*** DATA RECORDS
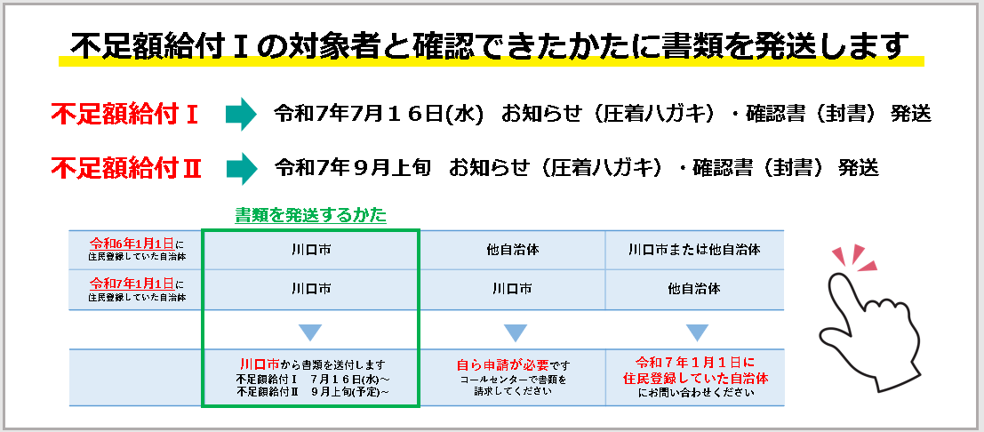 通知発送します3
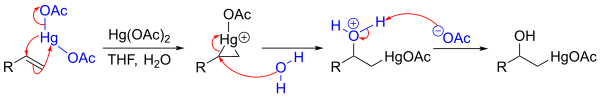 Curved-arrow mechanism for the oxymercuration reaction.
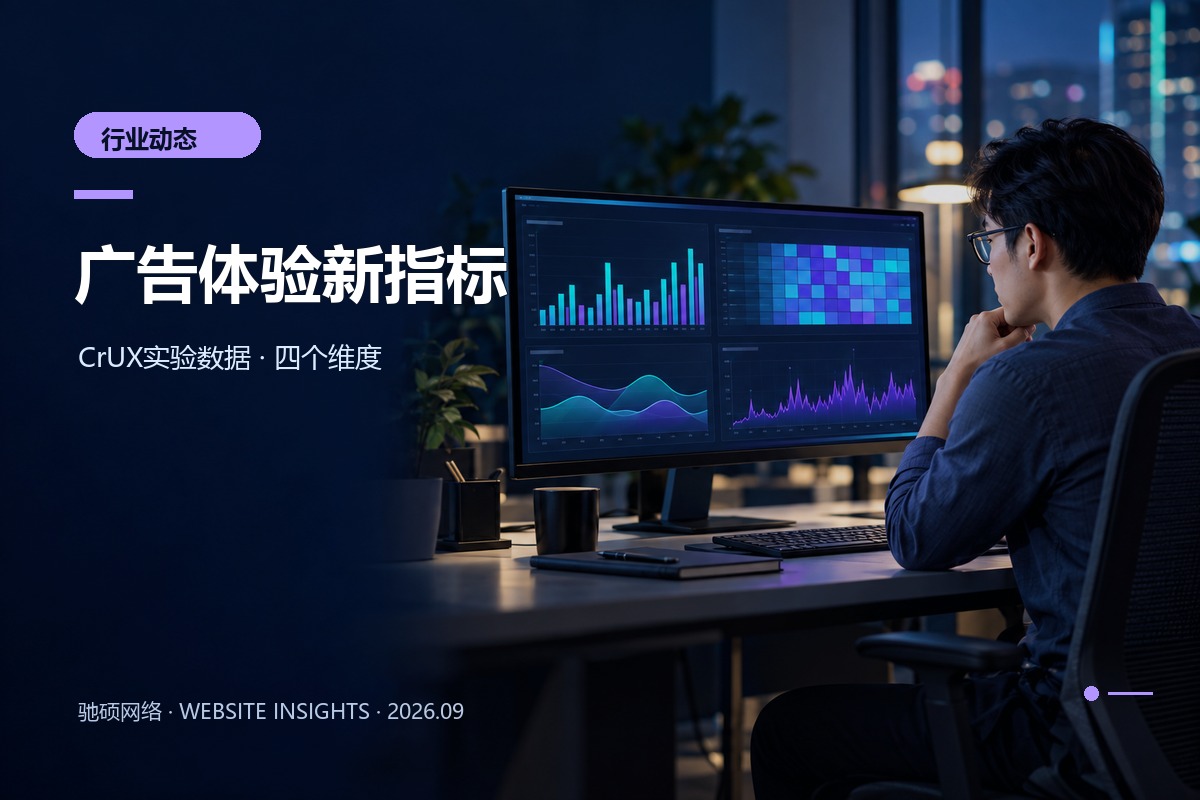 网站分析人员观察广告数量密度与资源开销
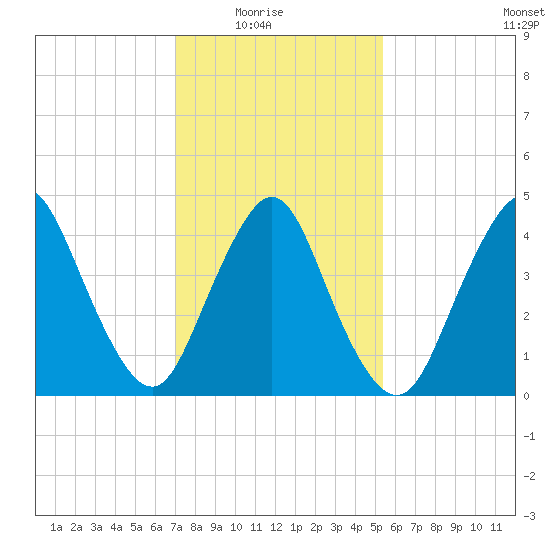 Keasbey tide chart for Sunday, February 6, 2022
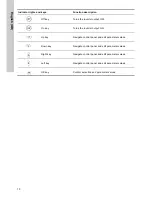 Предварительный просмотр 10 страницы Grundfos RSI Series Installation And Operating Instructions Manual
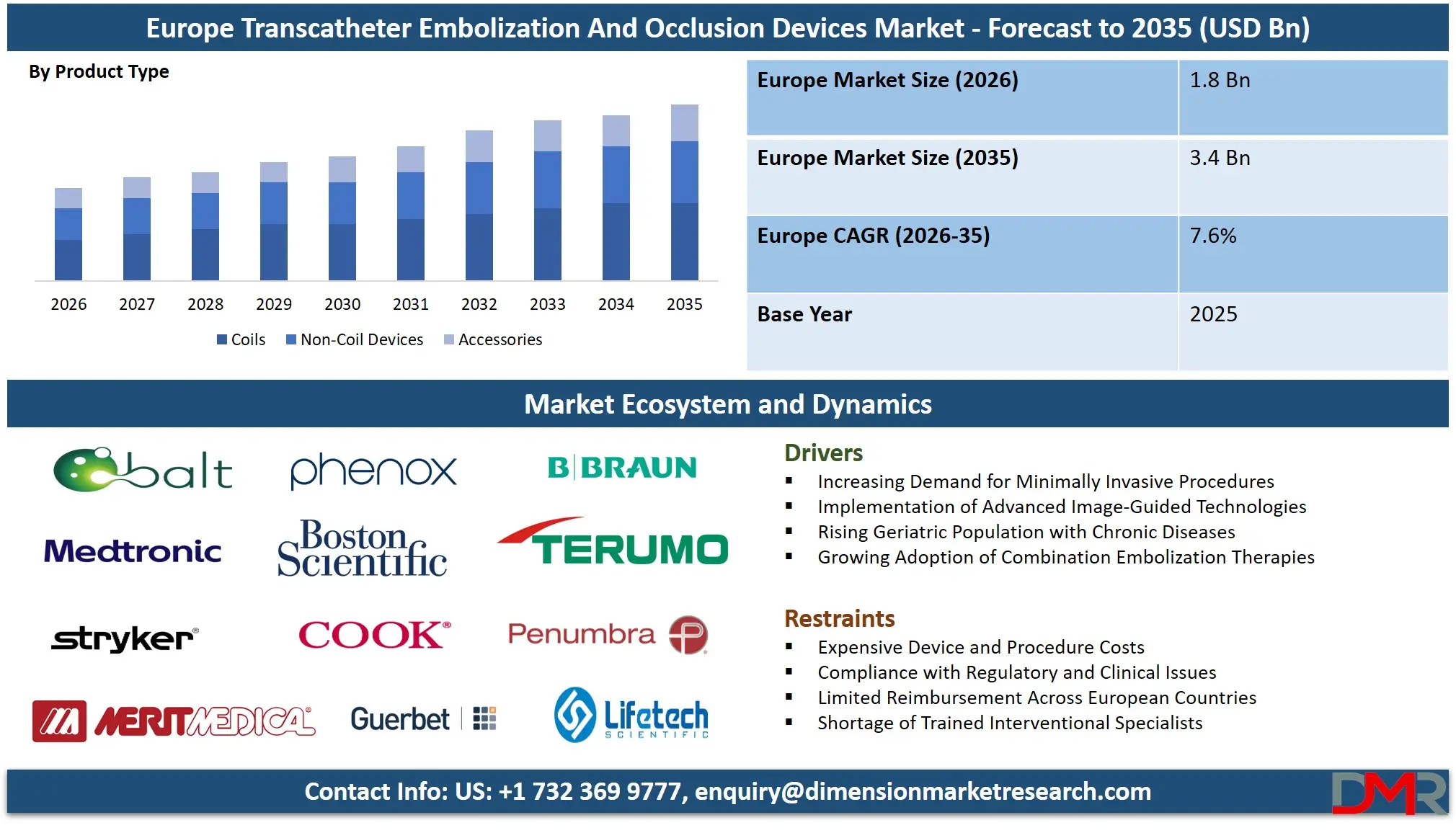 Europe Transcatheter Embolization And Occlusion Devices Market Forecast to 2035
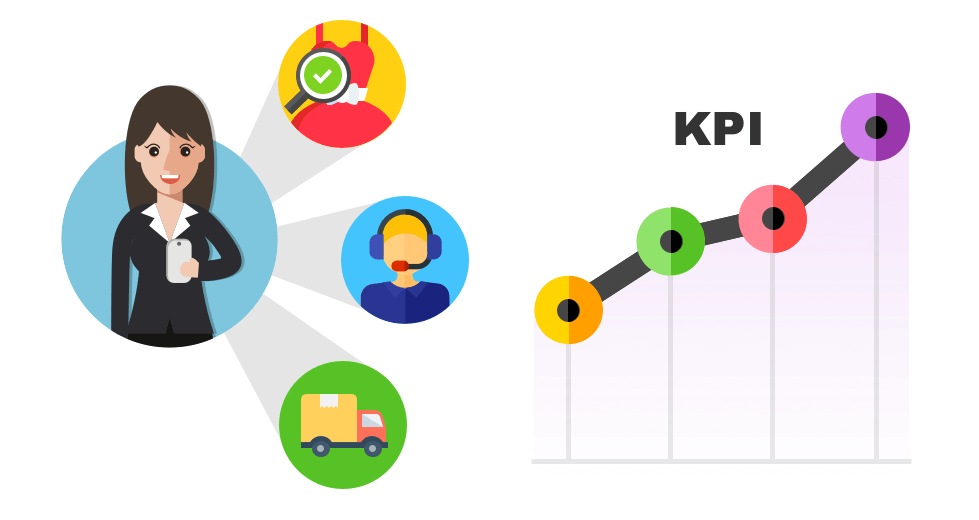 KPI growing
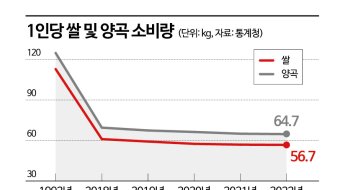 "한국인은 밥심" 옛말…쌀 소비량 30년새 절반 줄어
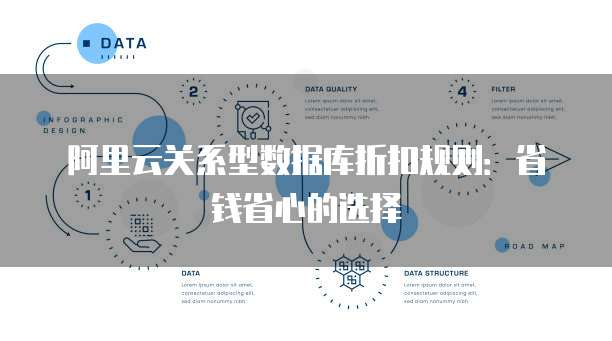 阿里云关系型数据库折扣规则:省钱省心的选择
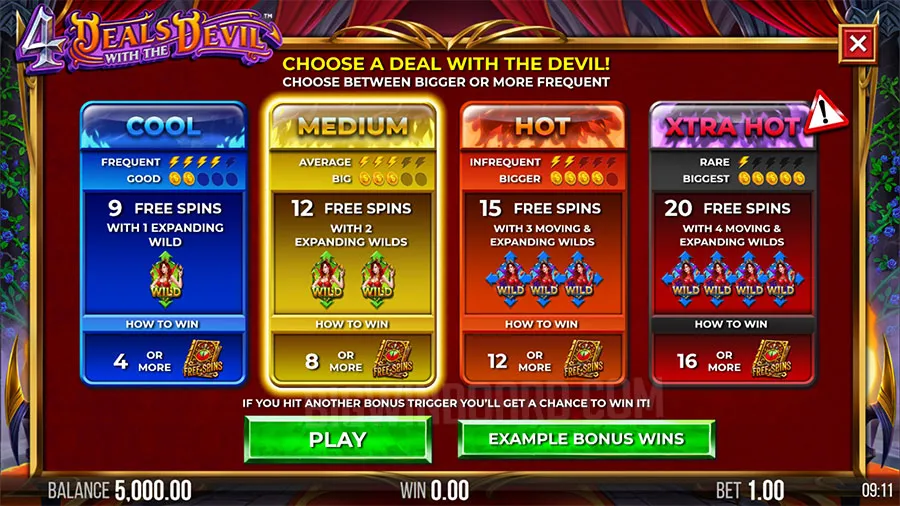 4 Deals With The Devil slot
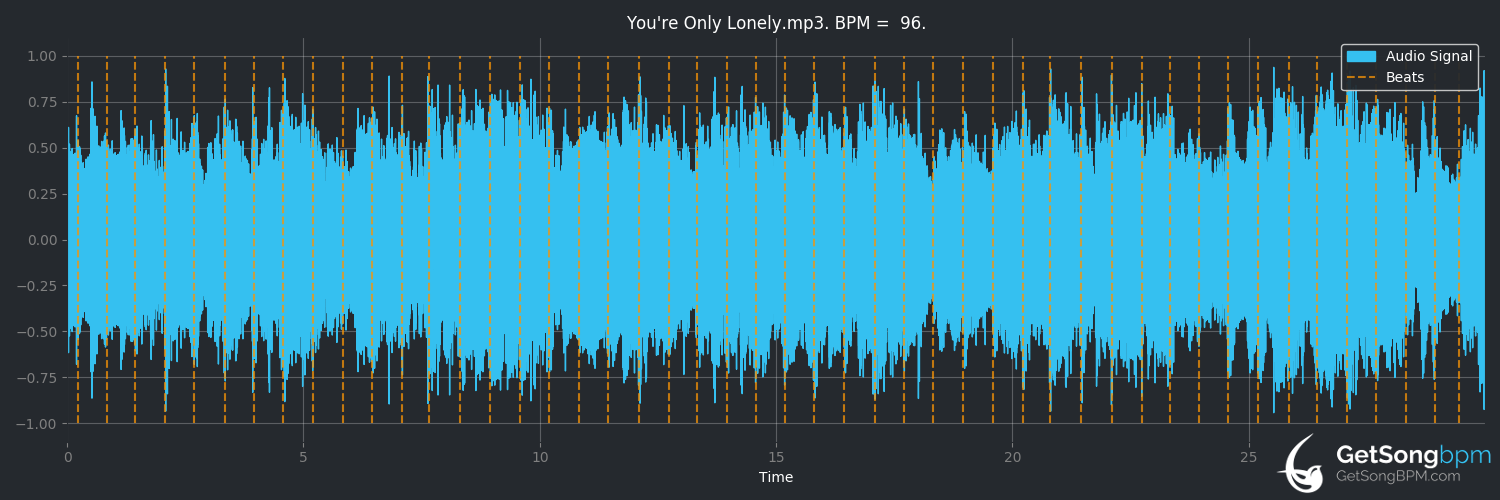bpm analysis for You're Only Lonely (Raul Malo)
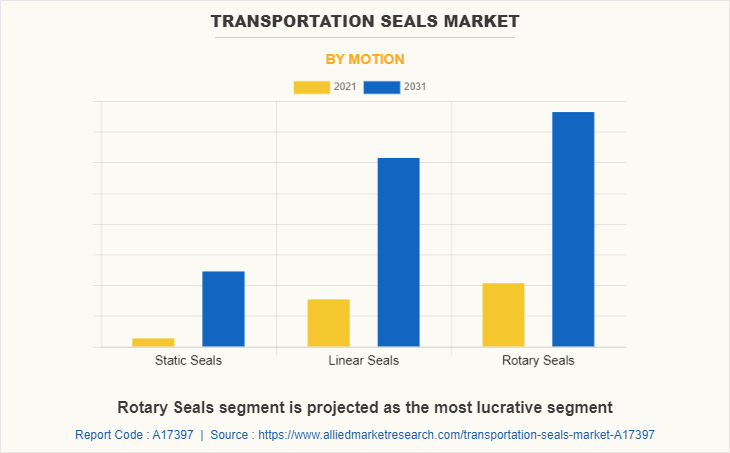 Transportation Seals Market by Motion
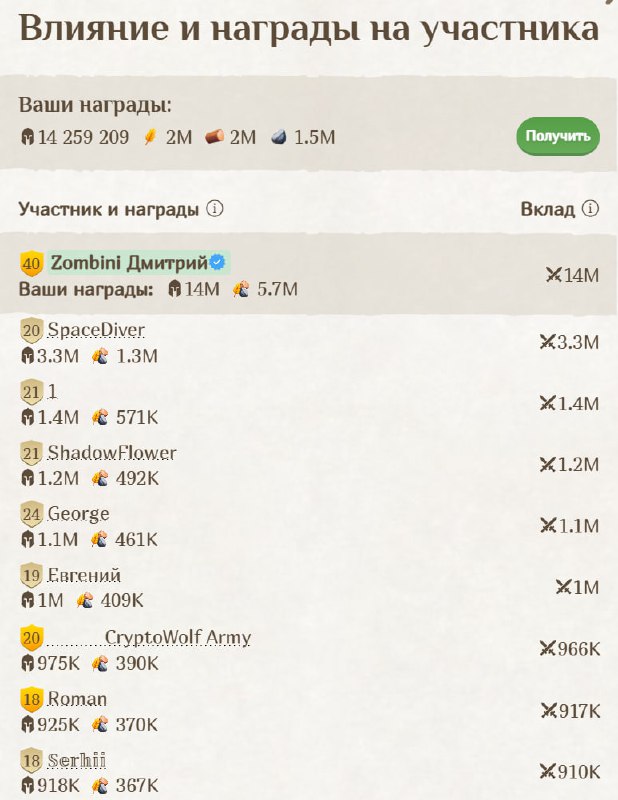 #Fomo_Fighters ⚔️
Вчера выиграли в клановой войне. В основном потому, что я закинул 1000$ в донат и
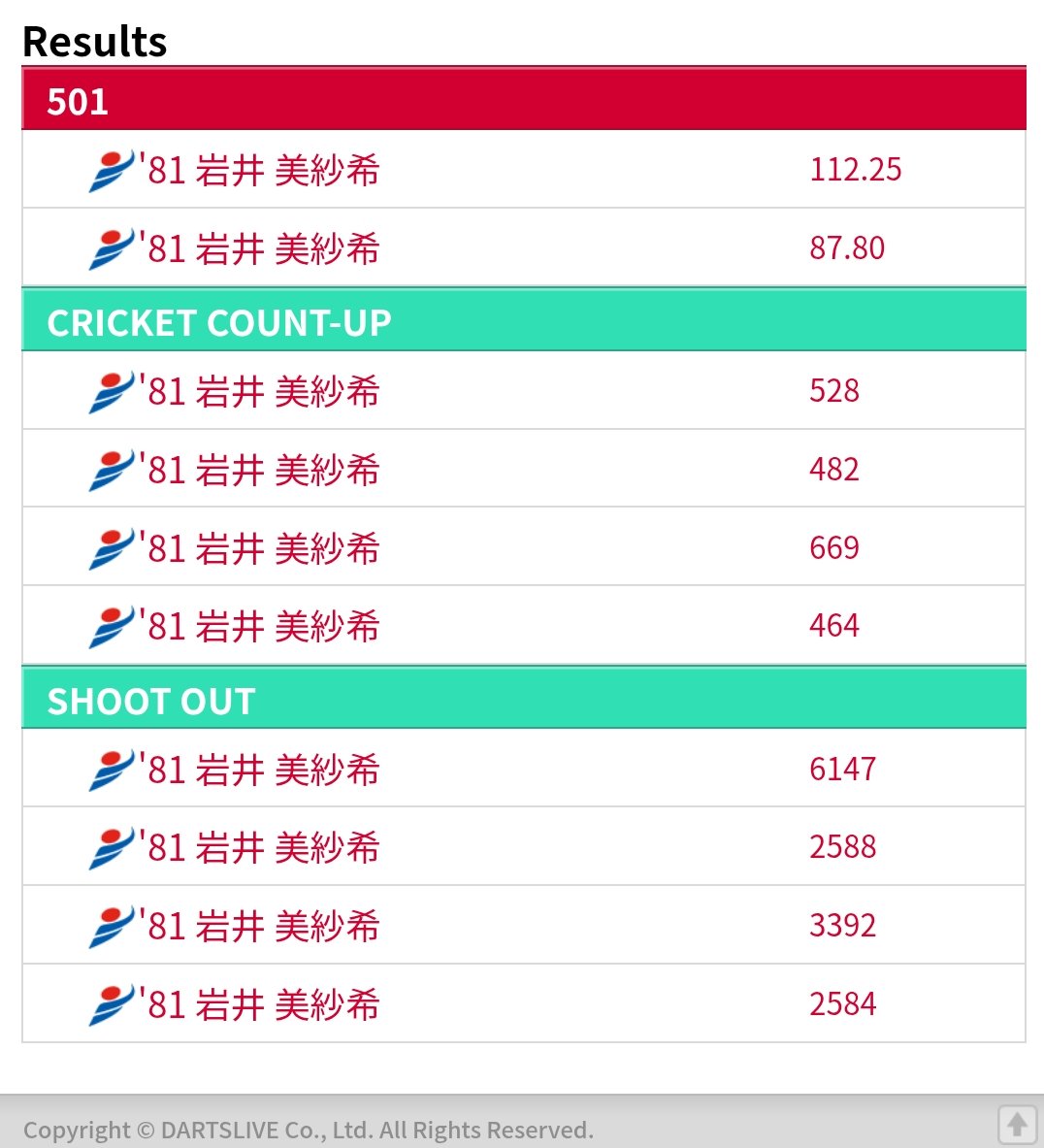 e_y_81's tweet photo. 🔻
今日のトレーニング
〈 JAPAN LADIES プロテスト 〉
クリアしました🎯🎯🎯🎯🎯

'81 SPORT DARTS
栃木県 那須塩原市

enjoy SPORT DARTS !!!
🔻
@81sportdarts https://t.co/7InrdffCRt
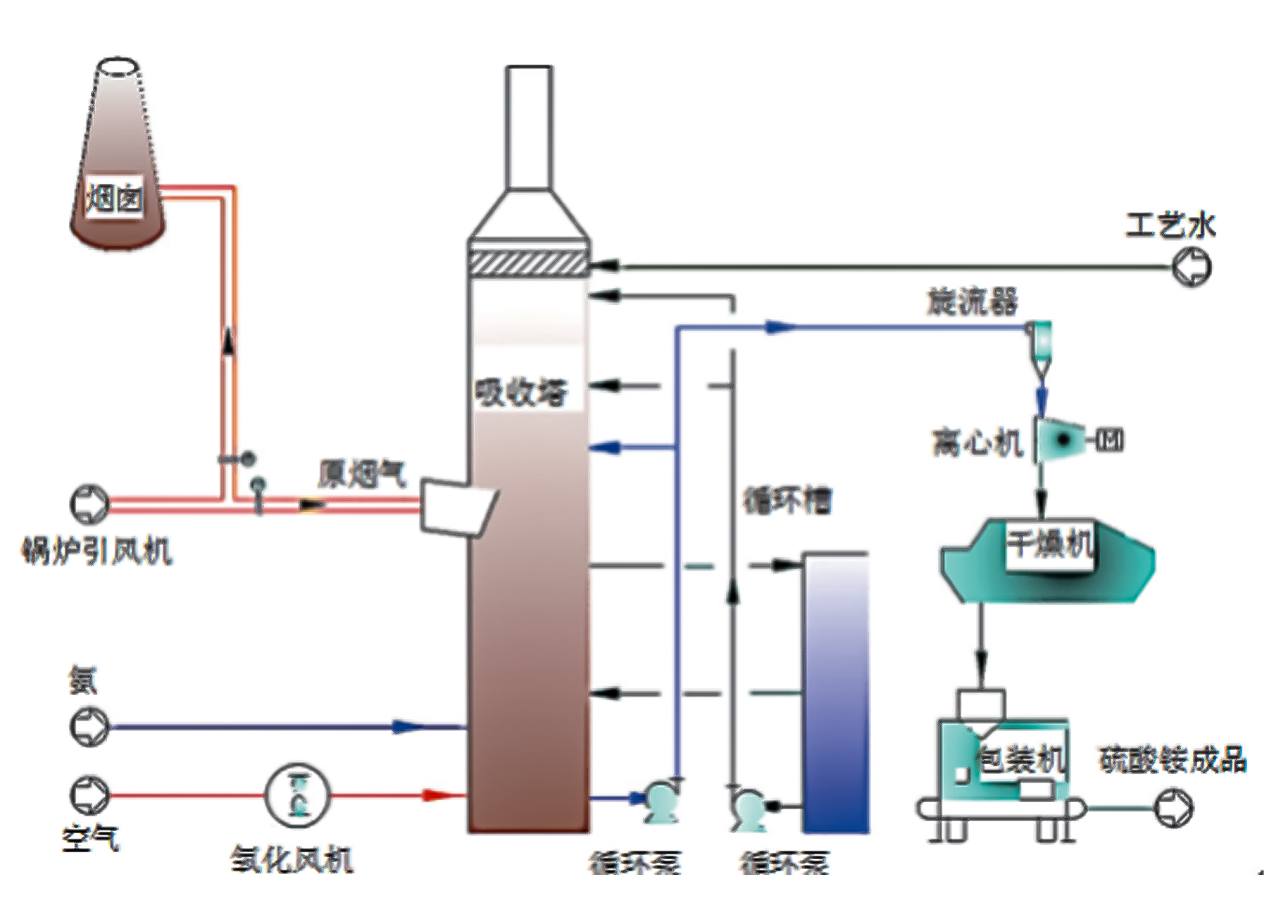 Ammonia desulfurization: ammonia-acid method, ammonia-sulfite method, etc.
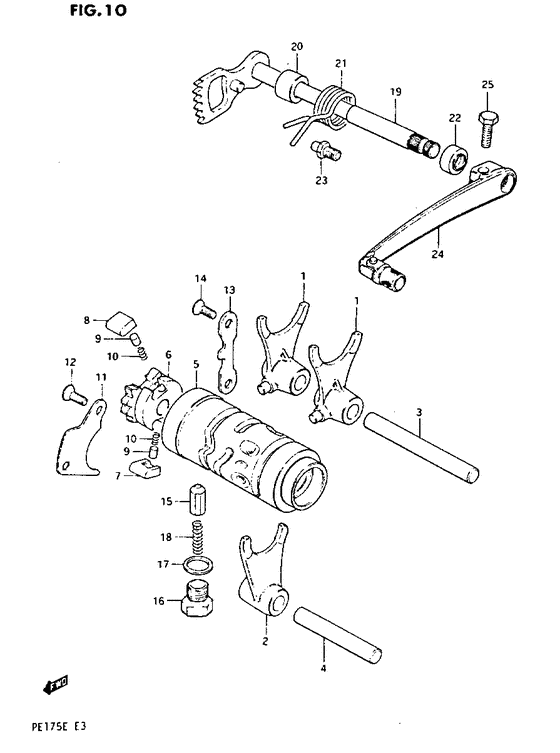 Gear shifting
******
### WORK TO COMPLETE
Copy word for word the lines of the records above from the one with "KPI growing" up to and including the one with "enjoy SPORT DARTS !!!". Skip the pictures.

### RESPONSE
 KPI growing
 "한국인은 밥심" 옛말…쌀 소비량 30년새 절반 줄어
 阿里云关系型数据库折扣规则:省钱省心的选择
 4 Deals With The Devil slot
bpm analysis for You're Only Lonely (Raul Malo)
 Transportation Seals Market by Motion
 #Fomo_Fighters ⚔️
Вчера выиграли в клановой войне. В основном потому, что я закинул 1000$ в донат и
 e_y_81's tweet photo. 🔻
今日のトレーニング
〈 JAPAN LADIES プロテスト 〉
クリアしました🎯🎯🎯🎯🎯

'81 SPORT DARTS
栃木県 那須塩原市

enjoy SPORT DARTS !!!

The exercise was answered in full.